What is going on from a psychological point of view is masochism, where by latching on to a larger entity you come to identify with it, drawing your strength and even your sense of Self from belonging to this larger entity. Group membership at pretty much every level serves this function for a lot of people, whether we are talking about a group of friends, a family, various clubs, or nationalism.

There is a sense of power that is derived from knowing you represent something bigger than you, filling you with confidence and pride without necessarily having to do anything to deserve these states. This is not to say that being part of a group is a bad thing.
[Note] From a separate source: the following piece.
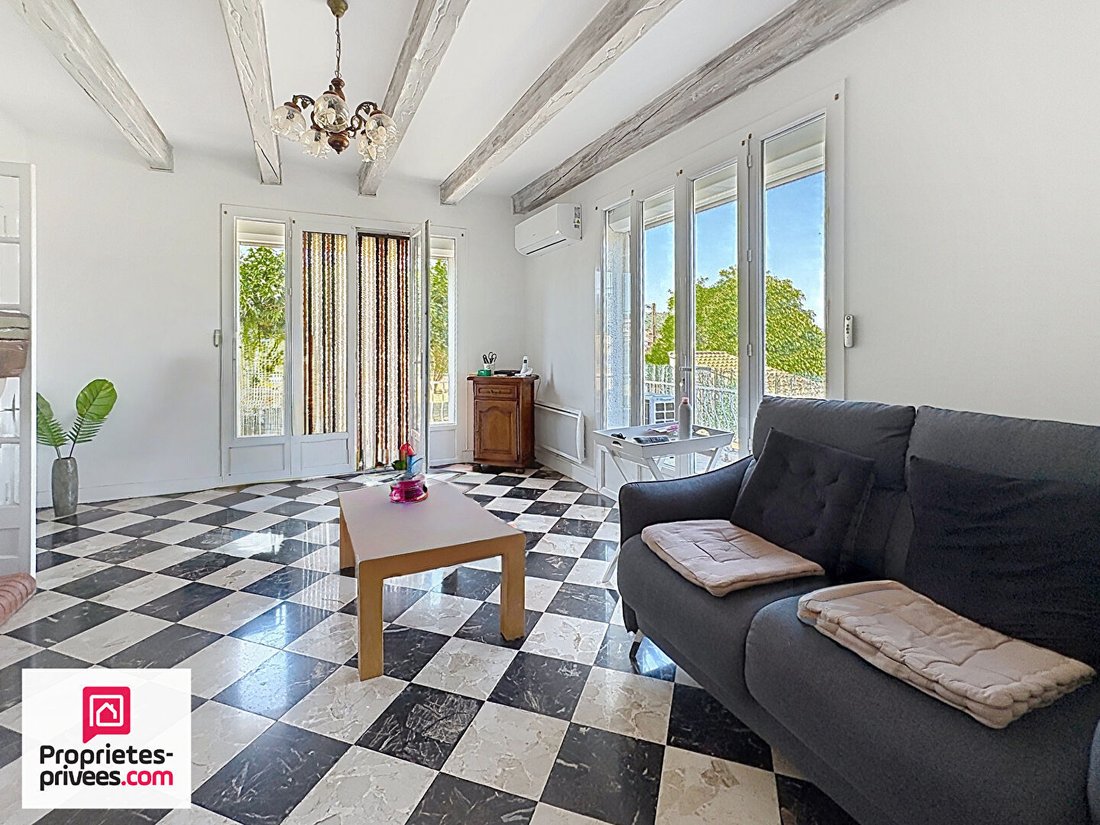 Villa in Rians, Provence-Alpes-Côte d'Azur, France 4 - 18252390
Quite the opposite actually; Humans are social animals, built to need each other, and no one can be happy or healthy without feeling connected.

The danger from a self-actualization point of view is not group membership per se, but rather subsuming the development of your own unique potentialities for the traits and qualities of the group, halting your growth in order to feel the safety and security that come from masochistically latching on to something bigger than you. In the process you lose your one chance to become who you really are. If a group were perfectly suited in every way to your development at every stage of your journey there would be no friction and the fit would be perfect, but this is never the case. The price you usually pay for identifying with something else is losing yourself.

The question to ask yourself is what you use the groups you are affiliated with for, and what they use you for. The paradox of what we would term ‘healthy’ group membership is that you are simultaneously fully part of the group and fully yourself. It’s a place where you get to develop your own unique personality and qualities within safe and supportive confines. You wouldn’t be able to develop who you are on a desert island, you need the social sphere for this process. The key is finding the right situation, one where your confidence and sense of Self don’t depend on the group but are fostered within it.